In fact, Row’s life pursuit will likely be built into a future quest. Such was the case for Akiva Blickstein, a senior in LARP. Blickstein’s character, Ishmael, is a half-dragon, half-human shapeshifter. During childhood, Ishmael’s home was attacked by an unknown enemy. His father saved Ishmael and his siblings by hiding each one in a different spot. After the chaos subsided, Ishmael crawled from his nook to find his brother and father dead, and his sister missing. The LARP E-Board considered Ishmael’s case and devised a quest in his honor. Three PCs made personal sacrifices in exchange for the resurrection of Ishmael’s brother. The event made an essential impact on Ishmael’s emotional development.
Each quest is like a chapter in the never-ending LARP chronicles.
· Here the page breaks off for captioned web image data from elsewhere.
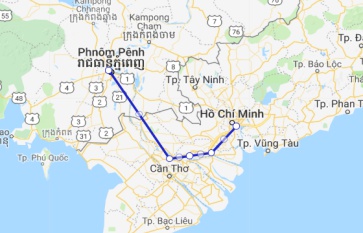 Jahan Cruise 4 days Phnom Penh - Saigon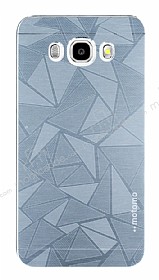 Motomo Prizma Samsung Galaxy J7 2016 Metal Silver Rubber Klf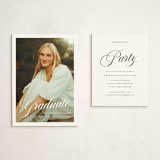 "mustacciuoli" - Graduation Insert Cards in Crystal by chocomocacino - With Invitation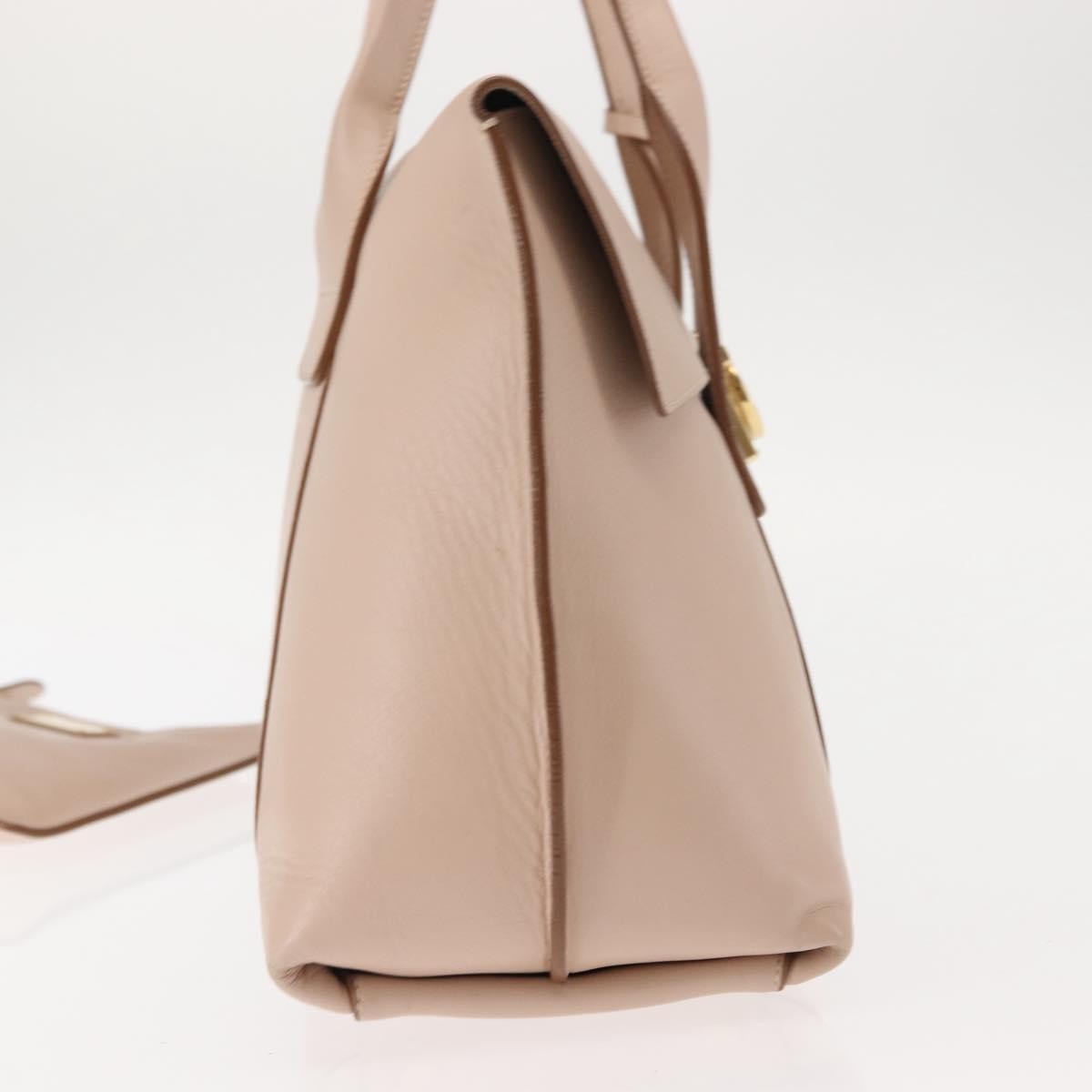 Salvatore Ferragamo Sookie Satchel Leather Pink Leather Bag (Authentic  )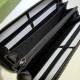 Mirror Quality Replica Gucci GG Marmont Quilted Zip Around Wallet 443123 Black Clone
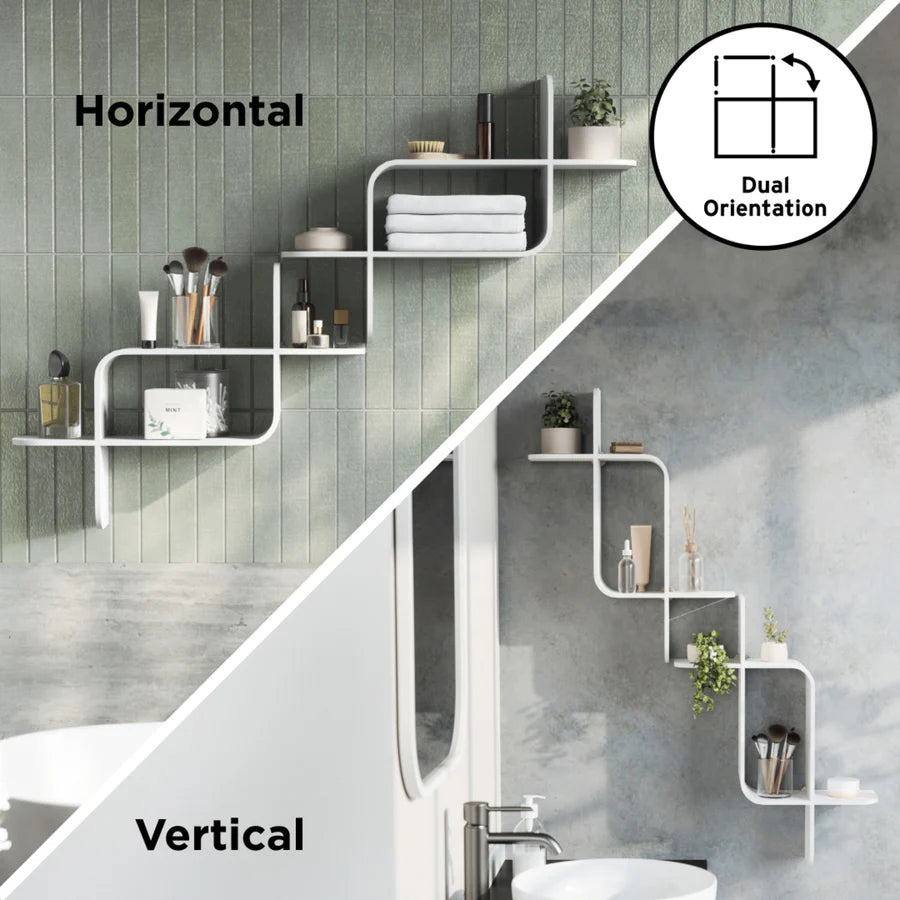 UMBRA MONTAGE WALL SHELF (WHITE)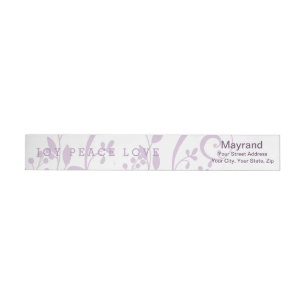 Lavender Jode Peace Liebe Holiday Wraparound Label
The experiences, heartaches and personal triumphs become ingrained in each character’s history and development. Thus, LARPing is an intricate combination of storytelling and improv, combat and camaraderie, and vicariousness and self-expression.
The LARPing world fosters a receptive community, encouraging new members to join.
Many LARPers feel that the activity has allowed them to gain self-confidence. Mundanes, who are the passersby of a quest, will likely cast a critical eye toward the characters.
“I’m having so much fun I don’t care,” Taylor said. “They’re the ones missing out, obviously.”